No, Google is not the new Apple, in most important respects.

The acceleration in Google Inc. (GOOG) shares above $900 this month, its impressive 41% gain over the past six months, the appearance of a few $1,000 analyst price targets and the avid sponsorship of the stock’s fans have prompted renewed comparisons to Apple Inc.’s (AAPL) massive surge-and-fizzle act last year.

Google sign: Credit Reuters
Google sign: Credit Reuters

Sure, they are both widely owned stocks of intensely respected (and feared and resented) technology bellwethers. They each have gaudily high share prices undiminished by stock splits. The company names both end in “-le.”

Yet the differences are clear and significant, and they work in favor of Google investors for now.

*The rate of ascent in Google shares has been far more subdued than the Apple moon-shot of 2012. In the first quarter of last year alone, Apple gained more than 50%, approximately twice the pace of Google’s entire year-to-date 2013 gain.

Apple last year ramped from $405 to an ultimate high in September of $702, in the process becoming the most valuable company in history at a $700 billion market capitalization.

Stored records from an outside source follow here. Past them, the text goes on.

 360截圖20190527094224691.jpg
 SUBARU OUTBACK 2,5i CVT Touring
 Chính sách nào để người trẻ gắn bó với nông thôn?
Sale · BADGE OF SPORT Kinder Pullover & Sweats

While true that Google’s near-vertical 18% ascent in the past few weeks appears extreme, and primes the stock for a leveling-off or pullback at least, the stock overall has been on a measured -- if nicely market-beating -- climb the past year. Its market value just eclipsed $300 billion, placing it somewhat below the “too big to succeed” market tier that Apple had breached.

*Public and Wall Street sentiment is not nearly as frenzied around Google today as it was when it came to Apple a year ago. Apple was almost a market of its own, skyrocketing on a wave of enthusiasm over the iPad and iPhone 5 launch in a flattish overall market. It was not only the most pervasively owned hedge-fund stock, but individual investors came out of their bunker to buy it in the hackneyed “love the product, own the stock.”

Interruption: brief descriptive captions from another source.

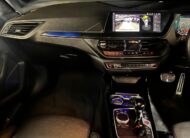 2024 BMW 2 Series 218i Gran Coupe M Sport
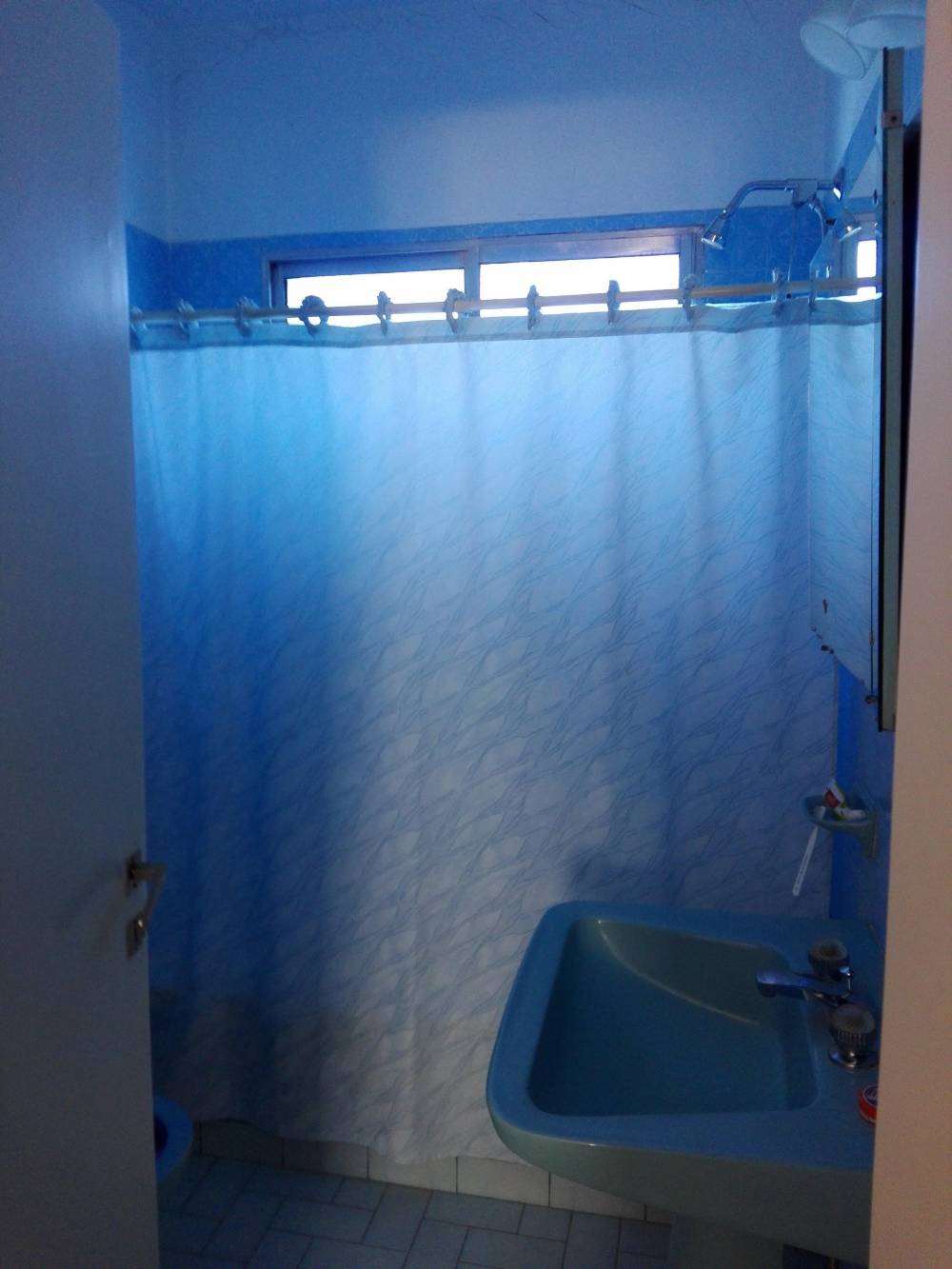  Churruarin e/ San Martin y Bolivar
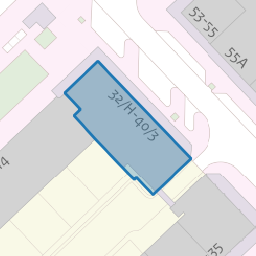 Perceel WTG02-B-3856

Google, it’s true, is the most heavily owned stock by actively managed mutual funds this year. Yet, whereas analysts a year ago were climbing over one another to slap ever-splashier price targets on Apple, the Street is relatively sober when it comes to Google.

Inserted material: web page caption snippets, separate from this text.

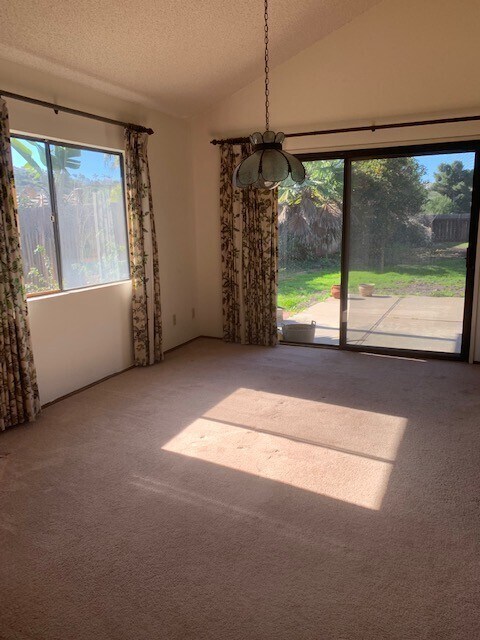 Building Photo - Charming 3 bedroom/2.5 bath Home - Call to schedule an appointment/Repairs in progress - Availabl...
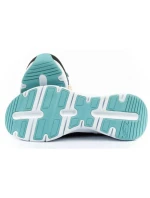 Sportovní obuv W model 20624693 - Skechers Sportovní obuv W model 20624693 - Skechers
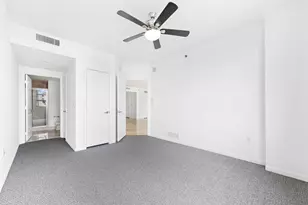 1819 SE 17th St, Fort Lauderdale, FL 33316 - Photo 8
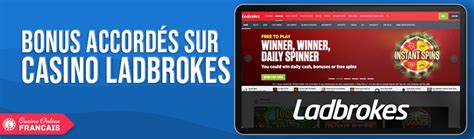 ladbrokes poker|ladbrokes casino belgique.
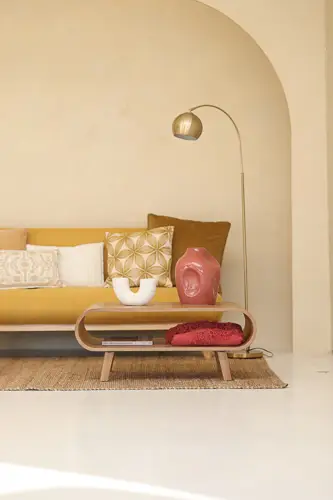 daglicht studio Brabant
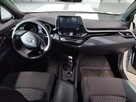 Toyota C-HR z Gwarancją Bezwypadkowa 100% - 5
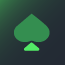 slot-icon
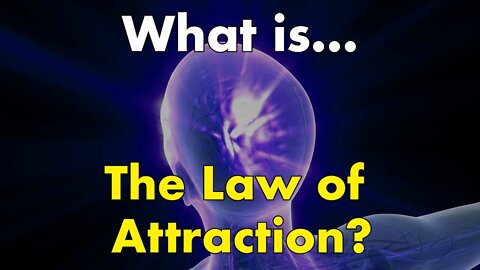 Ask Believe Receve Ancient Low of attraction!!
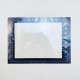 DOP-AE10THTD1 Membrane Film and Touch Glass DOP-AE10THTD1 Membrane Film and Touch Glass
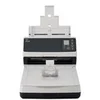Image de Ricoh fi-8270 - scanner de documents - modele bureau - Gigabit LAN, USB 3.2 Gen 1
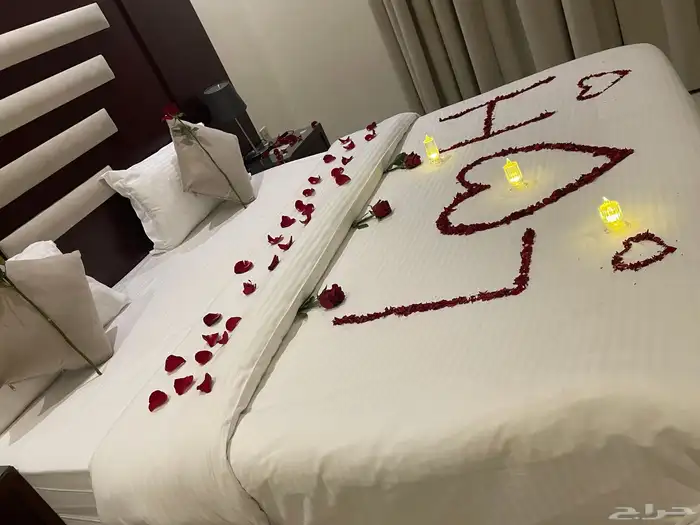 تنسيق حفلات 0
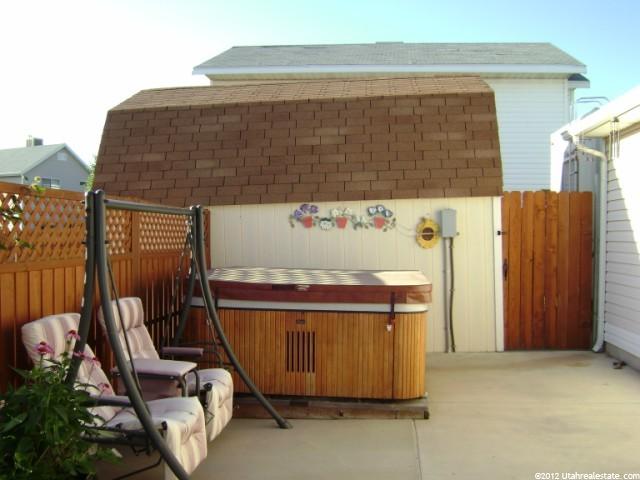 78 N 300 W, Clearfield, UT 84015 — photo 10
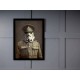 Quadro Poster Star Wars 4398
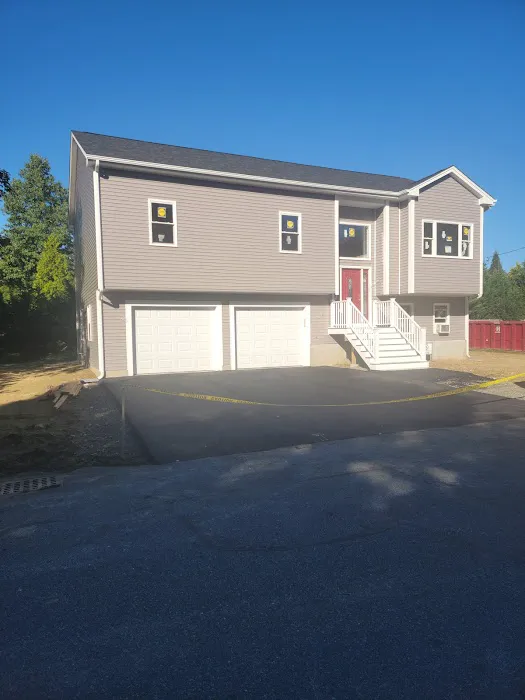 Haworth's Property Services LLC Picture 6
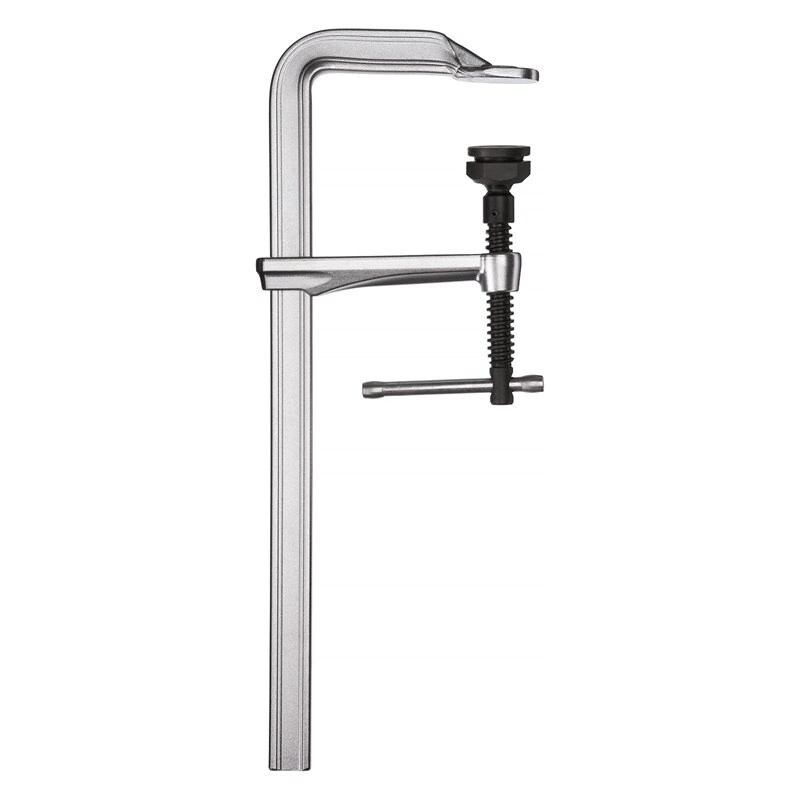 Product Image for Skruvtving SG80M, 800x140 mm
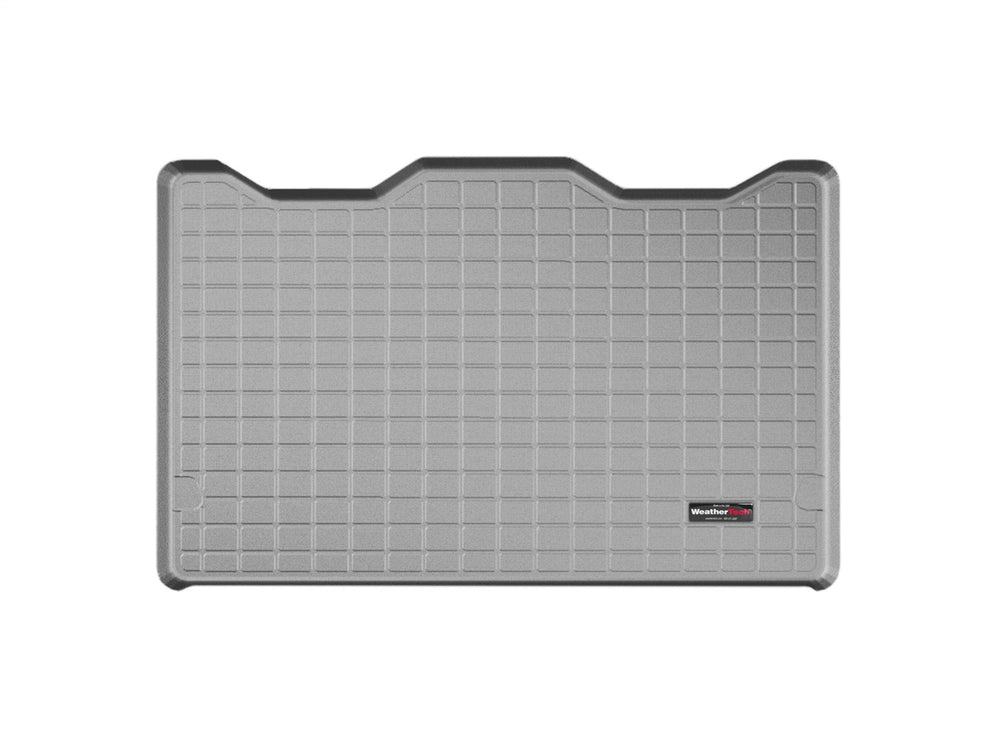 Cargo Liner - 42311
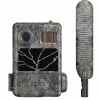 Zeiss Wildlife Camera Secacam 3 (pack of 4) 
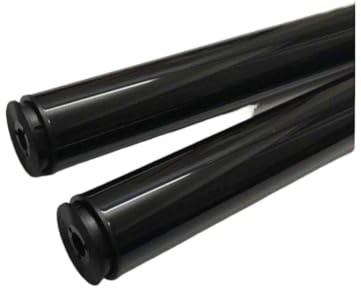 MEAkurTqs Unidad de tambor de imagen de repuesto para HL-2220 HL-2230 HL-2240 HL-2270 HL-2275 HL-2280 DCP-7055 DCP-7060 MFC-7360 MFC-7470 MFC-7860 LJ2400 LJ2600 M7400 7600 Impresoras láser
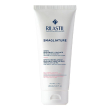 rilastil smagliature crema pelli sensibili e reattive, 200 ml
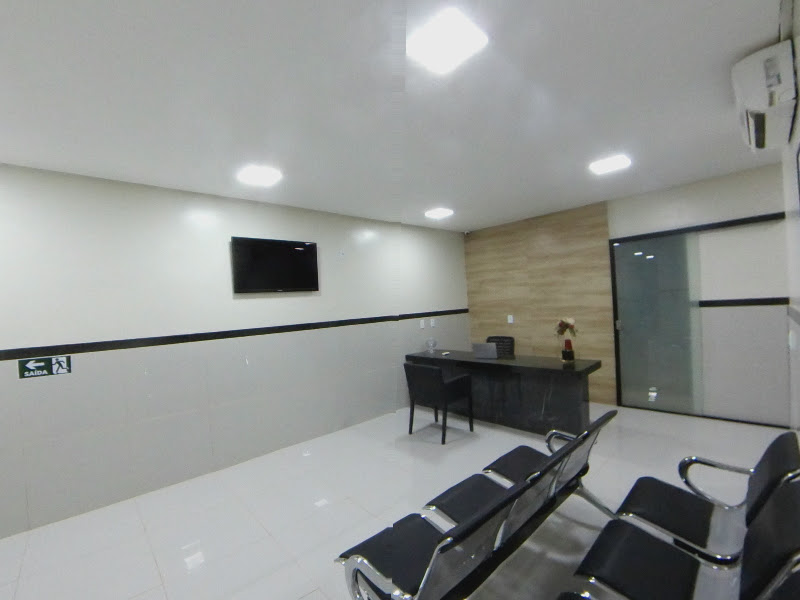 Foto 2 de Instituto de Medicina Integral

When Apple attracted its first $1,000 share-price forecast in April 2012, the stock was near $600, meaning it represented a ferociously bullish prediction of another 66% upside. When the stock peaked in September just above $700, the median analyst target was almost 13% higher, at $792.

Google only saw its first $1,000 target as the stock neared $900, so it amounted to a ho-hum call for another 10% or so appreciation. Indeed, the highest published target of $1,025 is only 13% up from here (where Apple’s median target was when the stock peaked) and the median price target on Google today is $917, according to FactSet, barely above the current quote of $909.

By last summer, 94% of all analysts on Apple rated the stock a Buy, and 4% a Hold. Today, the Street likes, but doesn’t adore, Google, with 72% of analysts with Buys and 28% at a Hold.

*While neither stock ever got to a point of wild overvaluation, Google’s business dynamics are less vulnerable to the kind of hit-driven product cycles and profit-compressing competitive gambits that withered investor confidence and trashed growth expectations in Apple.

Google’s secure-seeming dominance of search and mobile-phone software allows it to essentially grow along with, and somewhat faster than, the online and mobile advertising markets as a whole, while pursuing new platforms and product areas with a measured, multi-year approach.

It’s certainly true that Google shares are no longer the relative bargain they seemed only months ago. The stock now trades for 20 times consensus profit forecasts of $45.92 a share for 2013, and about 17 times 2014, certainly a premium to the broad market but merely in line with other high-quality bellwethers such as Coca-Cola Co. (KO).

Meantime, Google has much better growth prospects, and current earnings are from its healthy core businesses, essentially giving investors an upside option on whatever cool thing emerges next, whether wearable technology or something as-yet unknown.